Start of DATA TO USE
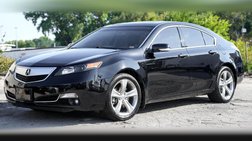 2012 Acura TL SH-AWD w/Tech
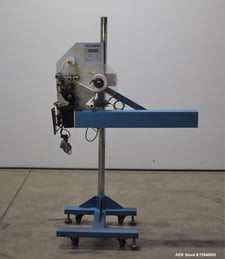 Markem Imaje CimJet 300 Print and Apply Pressure Sensitive Labeler, 300 DPI, 375mm/sec, l152mm print width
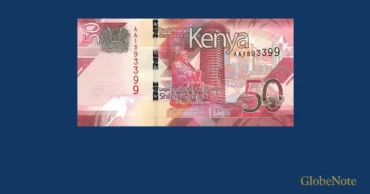 Kenya 50 Shillings 2019 UNC (#144a) – Kenyatta & Renewable Energy
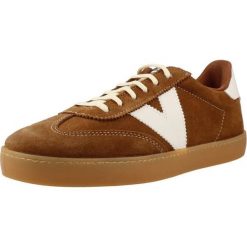 Buty VICTORIA 1126218V BERLIN CICLISTA SERRAJE Jasnobrązowy. Brązowe obuwie trekkingowe damskie VICTORIA. Za 319.99 zł.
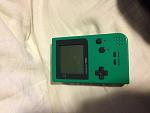 Game Boy Pocket I found at Goodwill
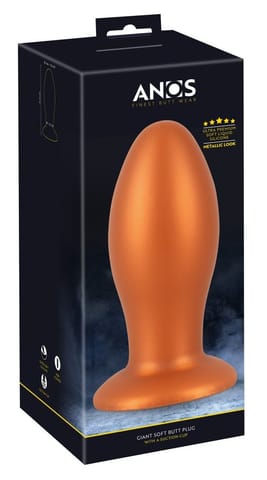 SOFT BUTT PLUG WITH SUCTION CUP w sklepie Wasserman.eu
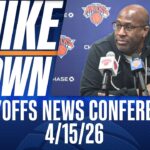 Mike Brown reveals what the Knicks need to do to advance past the Hawks in the NBA Playoffs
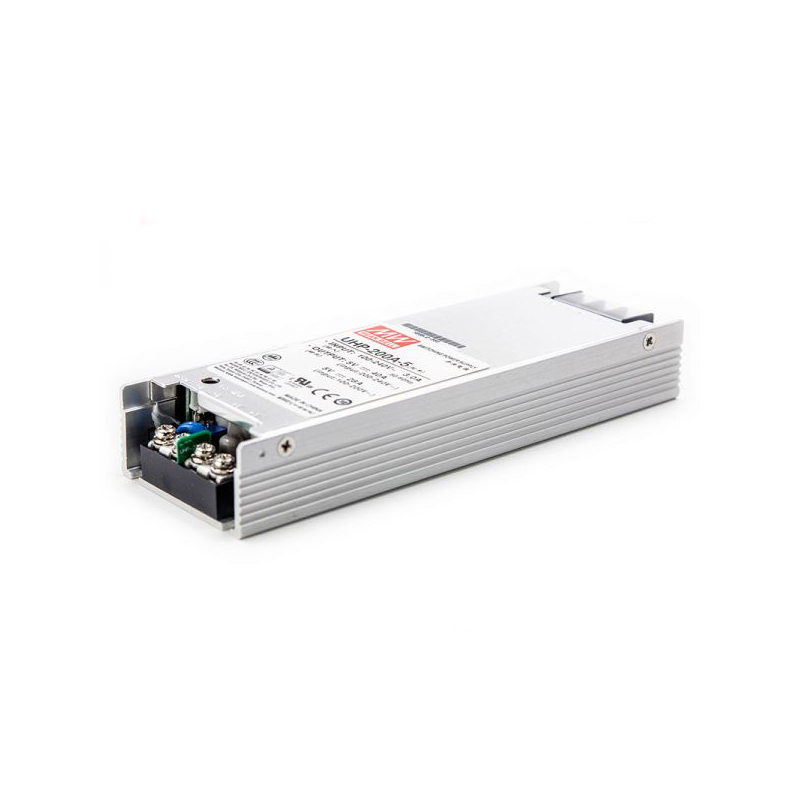 UHP-200A-4.5 MEANWELL 180W 4.5VDC 40A 115/230VAC İnce Tip PFC Anahtarlamalı Güç Kaynağı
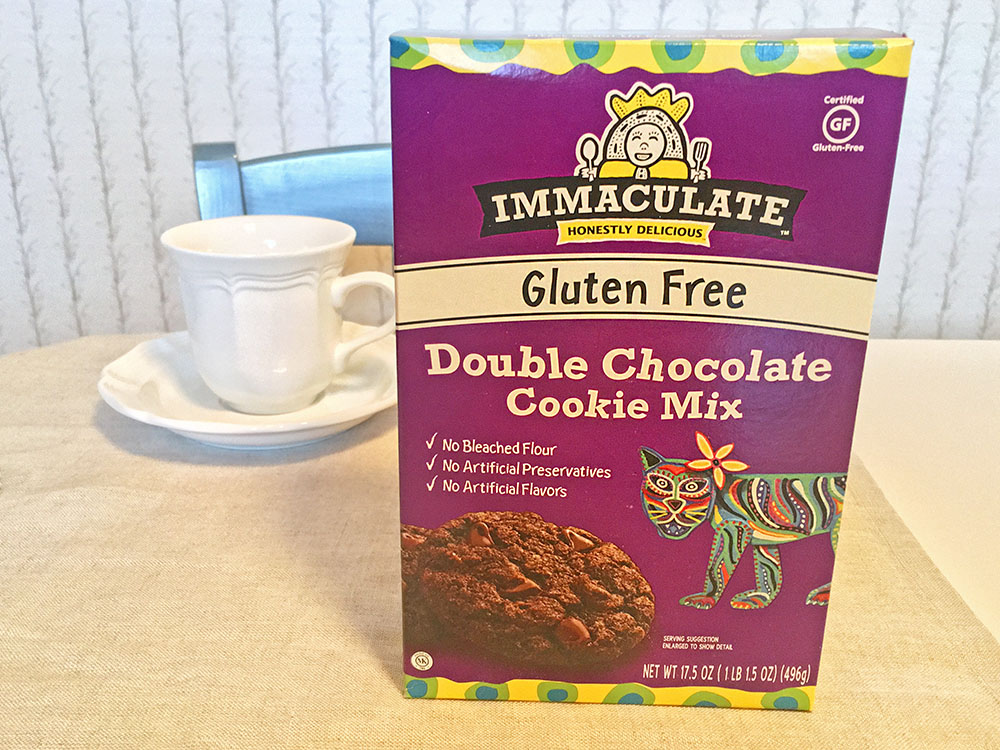 Immaculate Double Chocolate Cookie Mix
End of DATA TO USE
▶ [WORK REQUIRED]:
Exactly and only the lines from the one holding "Mike Brown reveals" through the final line of the material must be returned, both ends included, without any pictures.

▶ [YOUR SOLUTION]:
 Mike Brown reveals what the Knicks need to do to advance past the Hawks in the NBA Playoffs
 UHP-200A-4.5 MEANWELL 180W 4.5VDC 40A 115/230VAC İnce Tip PFC Anahtarlamalı Güç Kaynağı
 Immaculate Double Chocolate Cookie Mix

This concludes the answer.